Confused about the error, I talked to the guy who previously worked here and who was in charge of splitting the database, and he told me to tell the users to set their default printers (on their local machines, not on the server) to the "printer" Microsoft XPS Document Writer which isn't a physical printer at all. This allowed the user's to display their reports, but if they want to print out reports, they are required to go to the File menu and select Print, clicking the print icon on the toolbar takes them to a Save As... dialog as would be expected when using the Microsoft XPS Document Writer as your default printer.

It's easy to tell if the user is having a problem because a quick mouseover of the printer icon will yield a tooltip of (none) when they cannot access their reports, and a tooltip of Microsoft XPS Document Writer when they can view the reports. If the user's printer is set to anything other than Microsoft XPS Document Writer as the default on their local machine, then (none) is always displayed when they rdp to the database. The RDP settings are setup to transfer the local printer to the server.

Telling the users to do this to print has been more of a band-aid on the whole situation until we find a better solution and an explanation as to why splitting a database would prevent users from printing or even viewing access database reports. Which is why I'm here asking this question.

Also of note all the printers on the network now show up on the server so that when the users do click File->Print to print their reports on a physical printer, they have to look through a huge list of printers to find theirs in the dropdown. So the little band-aid fix we have is not ideal. Previously, only the printers on the user's local machine displayed here, and not all the printers on the network.
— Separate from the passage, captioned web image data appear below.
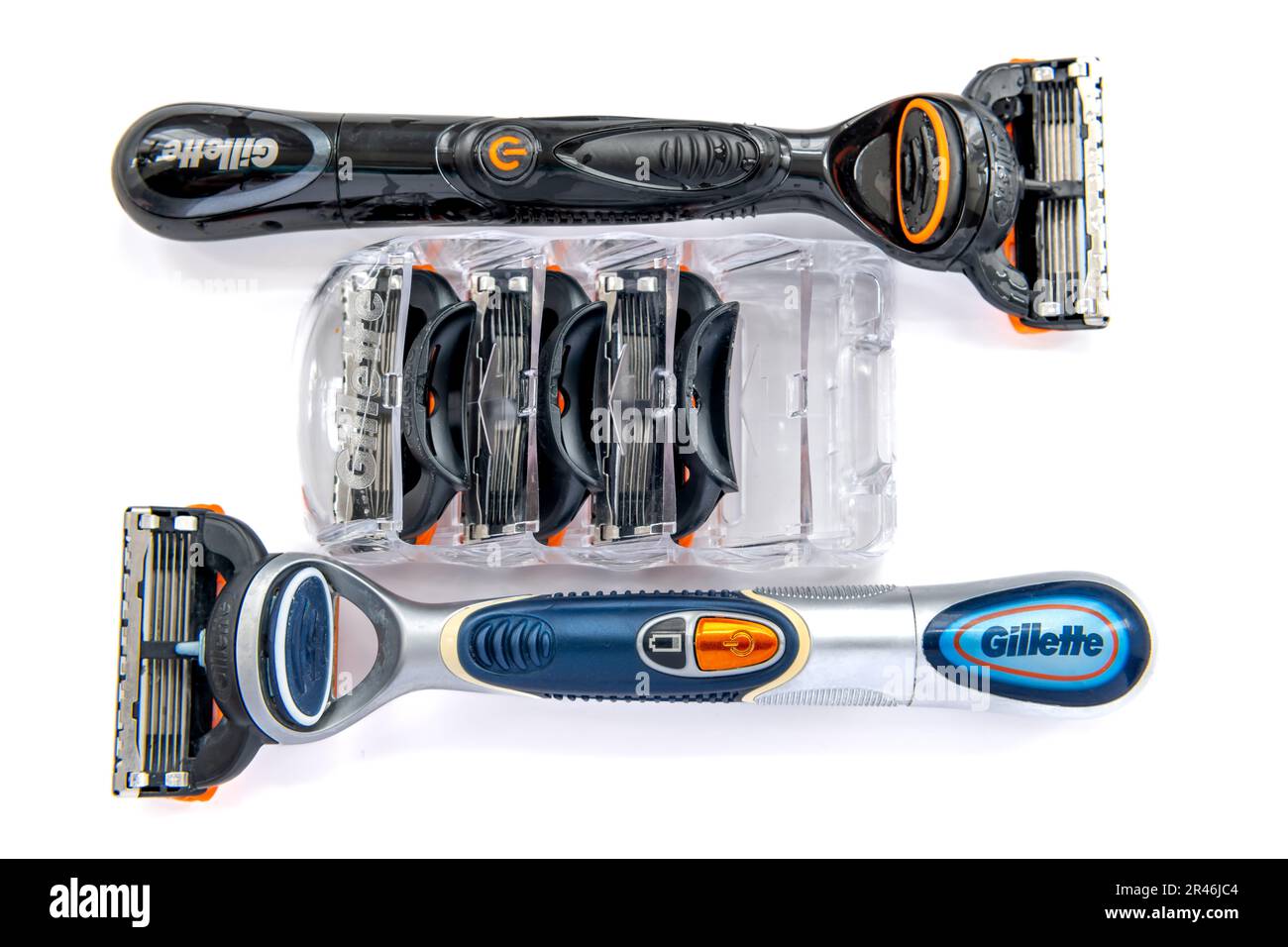 London. UK- 05.21.2023.Two Gillette razors and replacement blades isolated in white. Stock Photo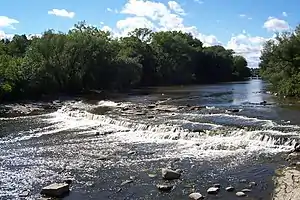 Milwaukee River along west edge of park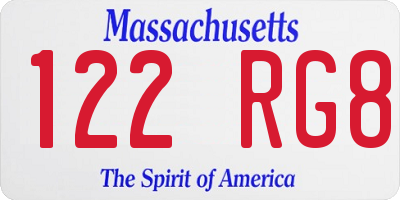 MA license plate 122RG8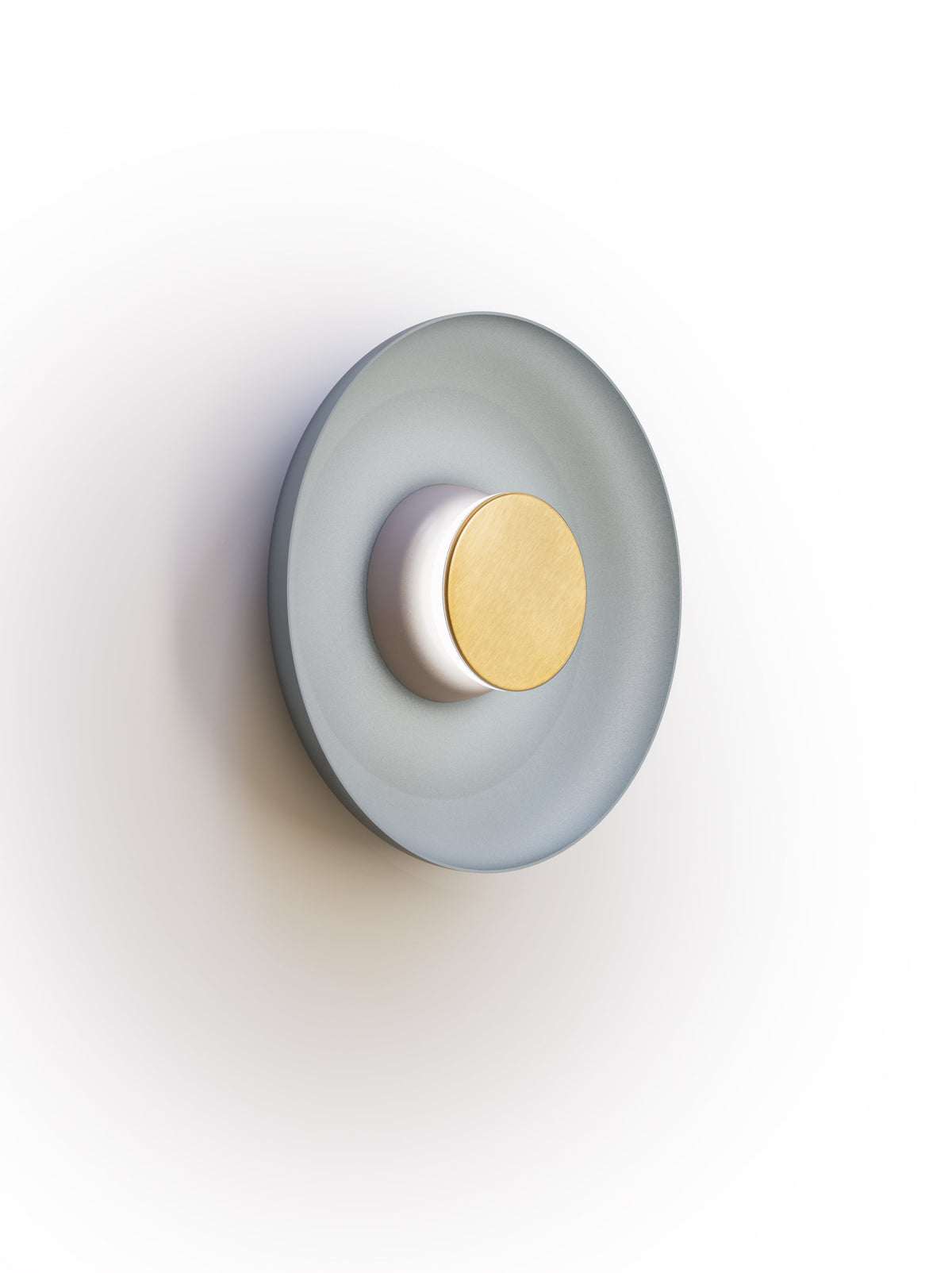 Pablo Designs Totem Sconce Metal – 12" Slate Blue shade, Grey/Brass canopy/faceplate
My co-worker seems to think this has something to do with permissions, I personally think it has to do with roaming profiles, and Group Policies which is what I've been reading up on.

I really don't know how to fix this or how it is related to splitting the database.

  • 1
    USING an Access database usually causes worse issues than printing and reporting problems. Count yourself lucky, and beat the Access "DBA" with the nearest hard, blunt object until he'll convert it to use a real database, like MySQL or MSSQL Server Express. Sep 13, 2012 at 0:41

2 Answers 2


Access requires a default printer before it can open reports (design/print/preview). It sounds like your problem is more printers and server configuration than splitting the database. I have also run into rare cases where particular printer drivers would cause Access reports to fail.

From your description of the problem it sounds like they don't have a default printer selected which is causing the failure.

Do your users print at all? If they do then the drivers are setup on the server and their printer gets mapped so why not let them default their normal printer? Not knowing anything about your setup though that is a blind guess.

  • We've been telling them to set their default printers on their local machines to "Microsoft XPS Writer" and that appears to get rid of the issue; but then the users are forced to search for the printer they normal use when they actually do want to print. In their .rdp file we have them go to "Local Resources->Local Devices and resources->Printers" and check it off, so that it carries the default "Microsoft XPS Writer" printer over to the server when they RDP in.
    – leeand00
    Sep 28, 2012 at 14:51

It sounds much more like someone has also made a change to the TS server's published app settings governing printers.

The only way I can think that splitting the DB would do this would be, if the former MDB had some logic to restrict/set the printers and after the split, you're using a new front-end MDB that doesn't have the same logic. However, from your description, the users are still using the same MDB for their front-end, with only a couple of tables that are now links to a new back-end MDB file.

  • You're right, people do use frontends (.mde) files to access the backend. I have no way of telling what is in the backend (.mdb) as far as code.